Session 4

Session 4 | Presentations | 2:15pm

Lawrence Reiff - Roslyn UFSD

According to a 2021 study by the National Institute of Mental Health, social anxiety disorder (SAD) affects 1 out of 3 adolescents between 13 and 18 years old. Over 19 million people across America suffer from social anxiety disorder. It is the third most common mental health disorder in the country today. Despite this data, many educators still make class participation mandatory and link it directly to a student's grade. Imagine students suffering from social anxiety disorder and how they must feel when they learn that 20% of their grade will be based on "class participation." 

Utilizing avatars in the classroom will become a growing trend as the "metaverse" develops and expands, but they can serve as a valuable tool for student expression right now. An avatar is a digital representation of a student that can be as simple as a 2D image or as complex as a 3D rendering of their own face. Creating an avatar is a valuable exercise in social and emotional learning because it truly allows students to show you how they see themselves. "Avatars in the Classroom: Giving All Students A Voice" will demonstrate how avatars and other associated technologies provide a safe environment for students that "get it" but are hesitant to "share it." Attendees will leave with their own avatar and ideas they can implement in their classrooms immediately.

Conference Strand: Diversity, Equity, and Inclusion (DEI)

Target Audience: Grades K-12

No Recording Available.

Aditya Vishwanath - Inspirit VR

Inspirit uses virtual labs and 3D learning content to transform the way science is taught.
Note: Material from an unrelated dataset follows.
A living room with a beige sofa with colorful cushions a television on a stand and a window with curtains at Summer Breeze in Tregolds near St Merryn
We offer K-12 access to a next-generation learning platform with a large collection of immersive labs and simulations, available across a range of desktop/laptop and VR platforms. Through our 3D STEM learning platform, our students experience the power of metaverse education. It provides a hands-on learning experience for diverse groups of people across geographical distances with equally diverse learning styles, all at the same time. Our platform helps in deepening the level of student engagement and critical thinking skills using affordable, accessible, interactive, gamified STEM experiences and student-authored storytelling techniques. 

We will teach participants how to align with existing curricula and systems, and existing beliefs about the technology, to support more meaningful and long-term integration. We will also cover what it takes to bridge the best practices of academic research in VR with practical considerations for making this technology work in a real-world setting (both virtual and in-person).
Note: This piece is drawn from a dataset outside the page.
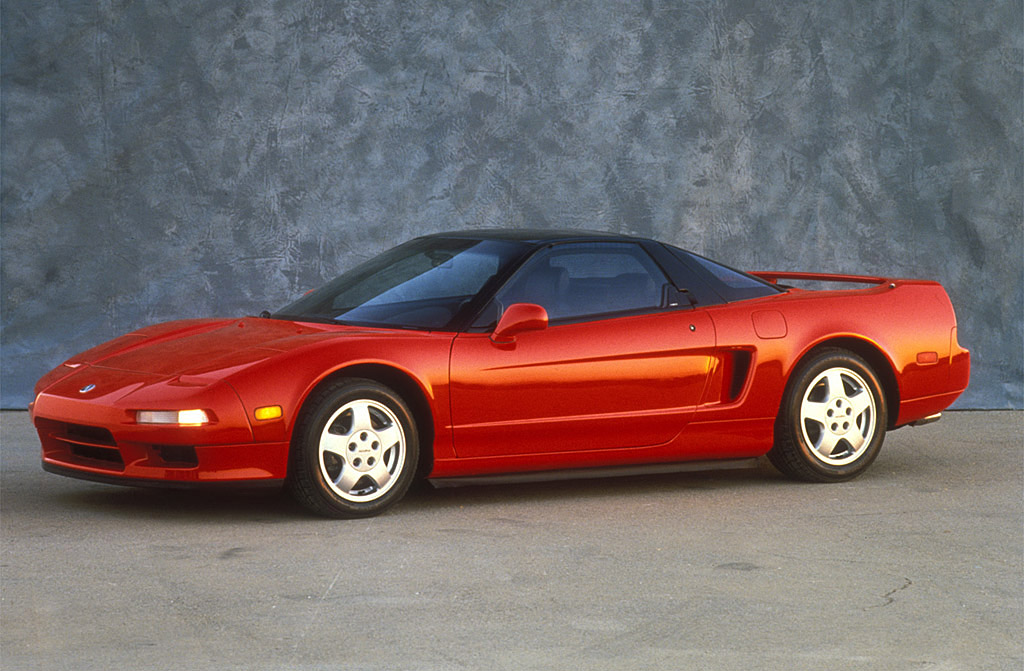 Original Acura NSX - A red Acura NSX parked in a picturesque setting, showcasing its timeless design and iconic status in automotive history.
Conference Strand: Emerging Technologies

Target Audience: Grades K-12

Recording

Carol LaRow - Carol LaRow - Educational Technology Consulting and SUNY Albany, School of Education

Create customized, interactive Google maps, which are included in Google Drive. Use for lessons you teach and/or have students use them to demonstrate what they learned in units of study. Students can use "My Maps" for collaborative student projects, project-based learning, individual reports, and teaching their peers. Maps help students visualize the world around them and understand where places are located and events took place. Teachers can illustrate lessons by showing students exact locations for historical events, famous landmarks, science lessons, upcoming field trips, timelines, current events, and more. Maps can be used with Google Classroom. They can also be embedded on school webpages, blogs, etc.

This is a great tool for having students create projects to show geographical features, national parks, volcanoes, famous battlefields, the states, and more. Users place colored pins anywhere they choose and add content - text, images, slide shows, and hyperlinks. "My Maps" is useful for both teachers and students. Teachers can add maps to web pages and/or post maps in Classroom for students to access as part of assignments. Student maps can be "shared" with teachers via Google Classroom, and they can be added to teacher websites to "publish" student work.
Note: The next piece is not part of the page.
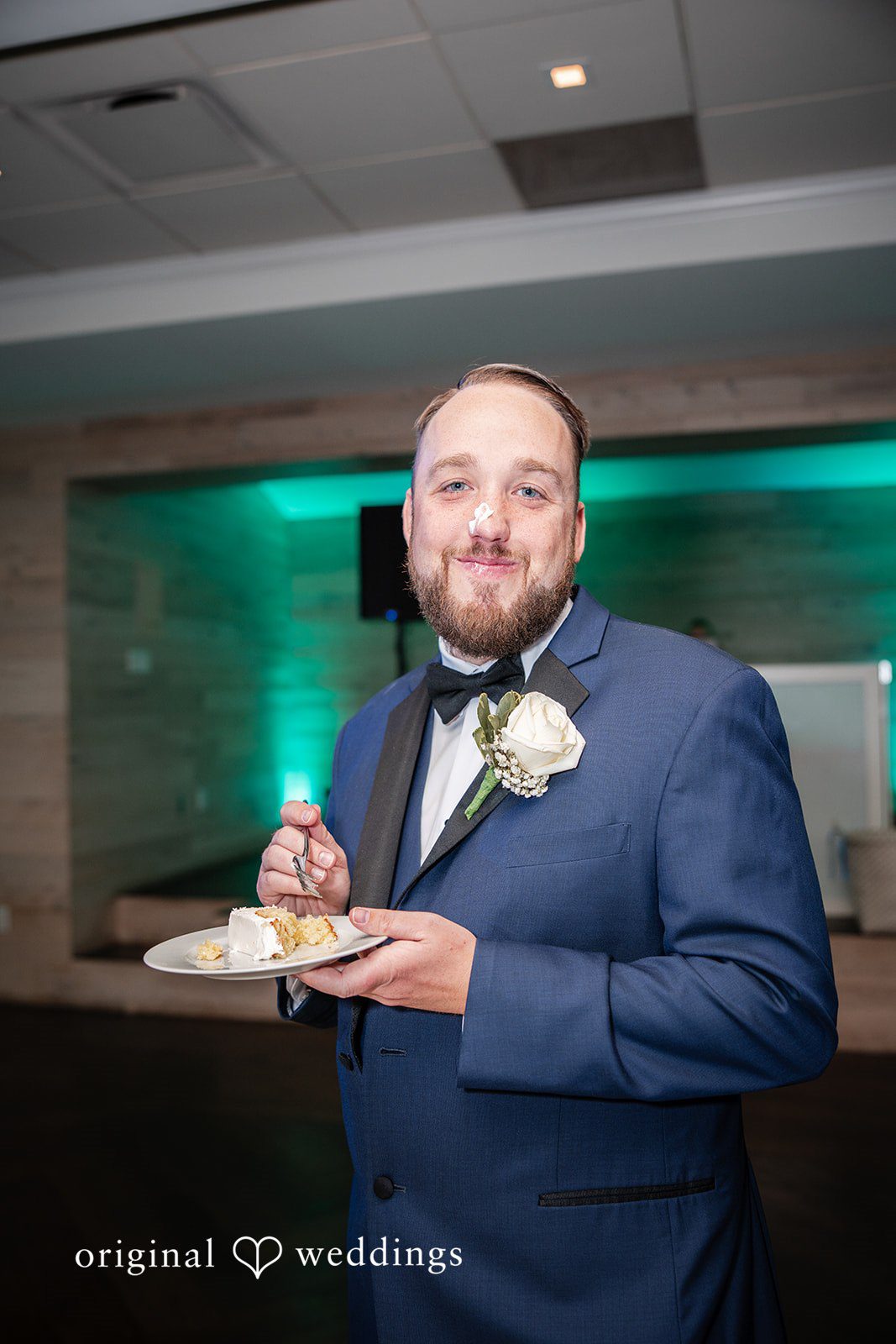 Groom enjoying a bite of wedding cake at the reception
Conference Strand: How to/Integration

Target Audience: Grades K-12, Post-Secondary, pre-service teachers, tech integrators, homeschoolers

Recording

Arlen Kimmelman - Iorad

Learn how to use a free online, interactive tutorial builder to create and share a learner repository of tutorials for any online applications and programs. Save time and frustration by making tutorials that capture the steps as you do them and can be used in 6 different learning modes: Try it, watch it, view it, do it, print it, and quiz it! Learn about the free extension providing extensive public tutorials on everything Google-related. Learners access tutorials in any of Google's available translation languages directly from the tutorial player.

Conference Strand: eLearning

Target Audience: Grades K-12, Post-Secondary

Recording

Connie Perkins - St. Bonaventure University
Suzanne Soltysik - St. Bonaventure University
Erin Lundeen - St. Bonaventure University

Nurse's Eye View is the triple threat for skills lab lessons. Using Apple products, nursing faculty can efficiently teach visual, auditory, and kinesthetic learners simultaneously. It also offers a unique view of hands-on skills that only this technology can provide.